Below are the records; repeat exactly their lines between the line holding "But still, the" and the line holding "Good morning, Keller", inclusive, skipping the pictures.

Provided records -

◆ ◆ ◆ ◆ ◆ ◆ ◆

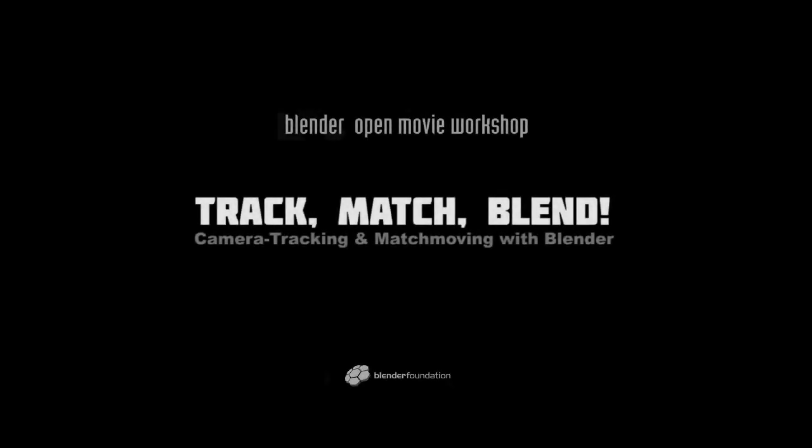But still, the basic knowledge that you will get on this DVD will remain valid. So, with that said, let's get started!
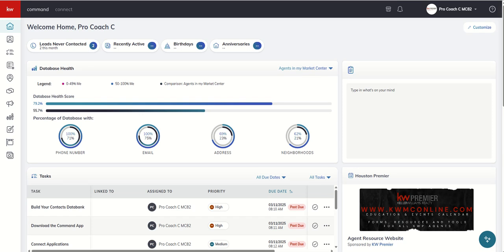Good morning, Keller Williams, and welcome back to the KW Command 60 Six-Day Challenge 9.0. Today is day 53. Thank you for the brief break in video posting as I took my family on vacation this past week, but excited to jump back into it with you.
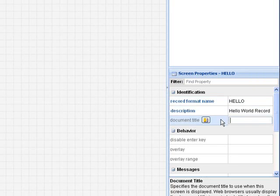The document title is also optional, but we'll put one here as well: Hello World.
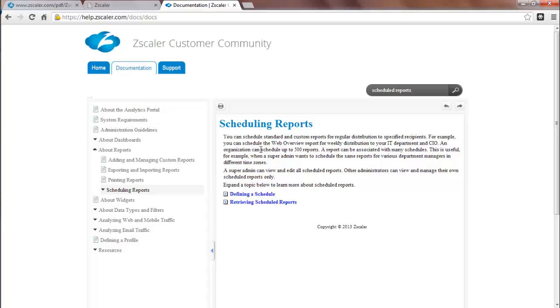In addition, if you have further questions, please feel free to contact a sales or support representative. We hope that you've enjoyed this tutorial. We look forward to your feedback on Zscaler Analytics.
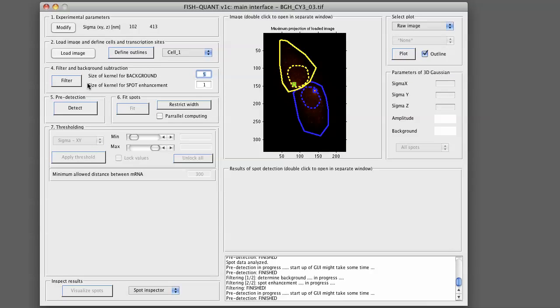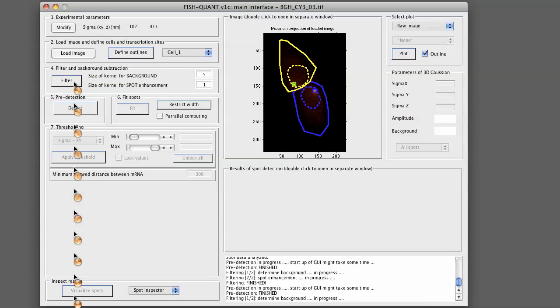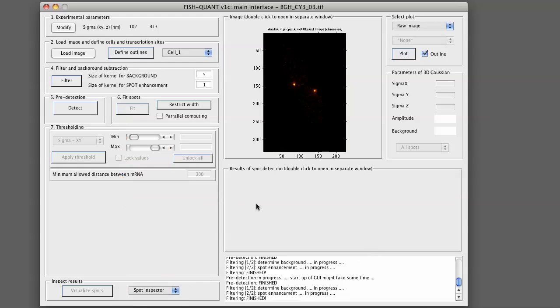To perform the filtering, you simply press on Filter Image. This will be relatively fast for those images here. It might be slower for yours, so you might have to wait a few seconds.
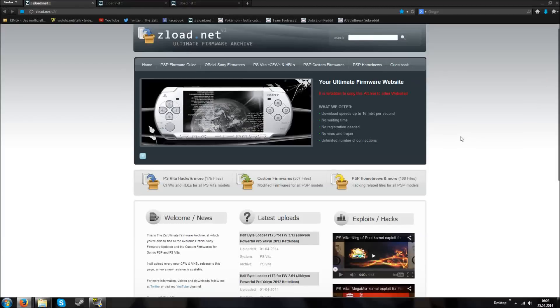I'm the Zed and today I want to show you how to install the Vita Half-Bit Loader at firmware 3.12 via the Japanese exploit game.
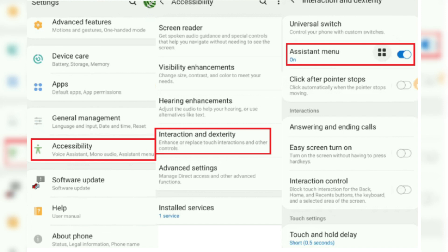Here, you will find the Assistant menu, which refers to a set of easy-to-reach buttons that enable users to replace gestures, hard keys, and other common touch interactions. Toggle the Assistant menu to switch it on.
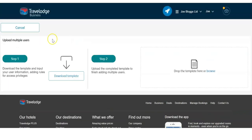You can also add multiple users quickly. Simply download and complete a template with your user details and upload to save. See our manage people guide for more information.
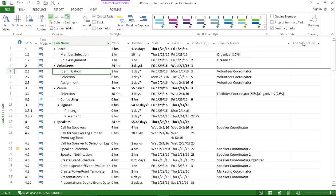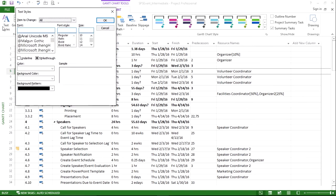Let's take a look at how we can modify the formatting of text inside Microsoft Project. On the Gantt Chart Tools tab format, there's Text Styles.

◆ ◆ ◆ ◆ ◆ ◆ ◆

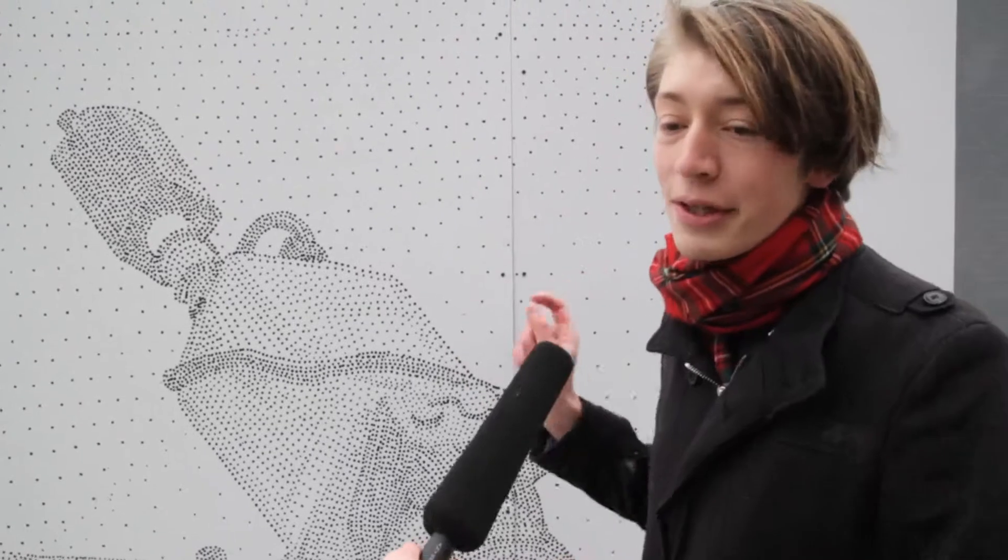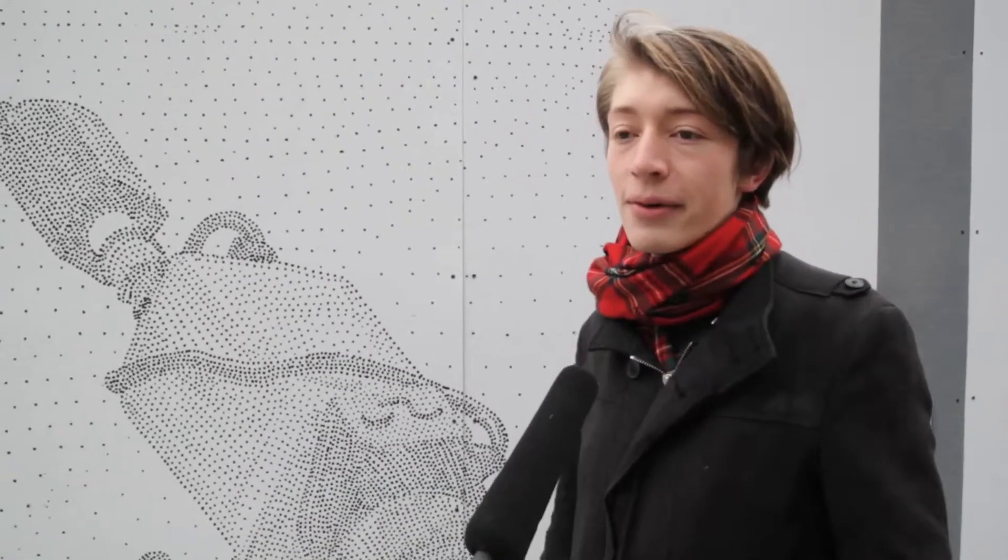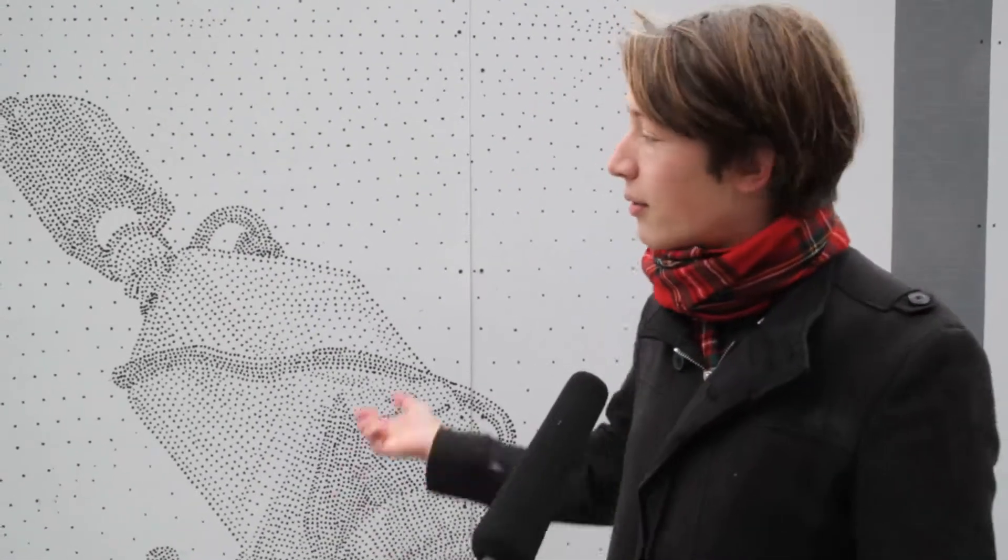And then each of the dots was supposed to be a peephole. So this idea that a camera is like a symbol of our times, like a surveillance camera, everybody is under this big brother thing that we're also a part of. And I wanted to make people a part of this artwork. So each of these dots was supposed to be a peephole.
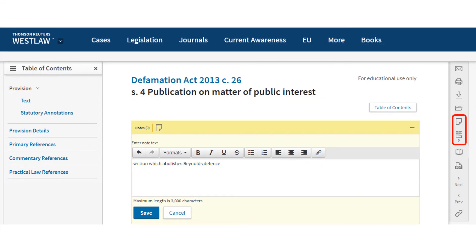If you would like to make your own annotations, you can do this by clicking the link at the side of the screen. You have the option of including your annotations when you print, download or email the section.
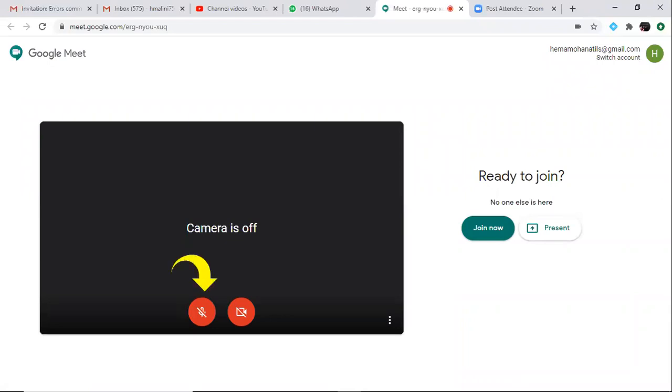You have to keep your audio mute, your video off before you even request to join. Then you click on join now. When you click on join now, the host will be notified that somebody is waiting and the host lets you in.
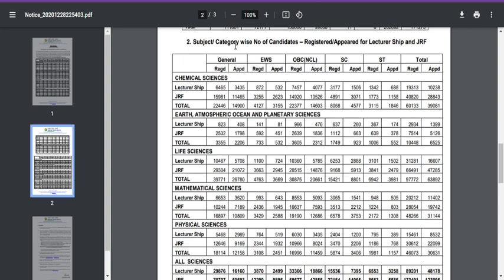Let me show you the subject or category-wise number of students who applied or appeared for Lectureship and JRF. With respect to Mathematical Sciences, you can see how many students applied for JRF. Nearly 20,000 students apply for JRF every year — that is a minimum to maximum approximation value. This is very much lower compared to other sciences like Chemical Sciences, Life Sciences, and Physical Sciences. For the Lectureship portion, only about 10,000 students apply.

◆ ◆ ◆ ◆ ◆ ◆ ◆

Response area -
But still, the basic knowledge that you will get on this DVD will remain valid. So, with that said, let's get started!
Good morning, Keller Williams, and welcome back to the KW Command 60 Six-Day Challenge 9.0. Today is day 53. Thank you for the brief break in video posting as I took my family on vacation this past week, but excited to jump back into it with you.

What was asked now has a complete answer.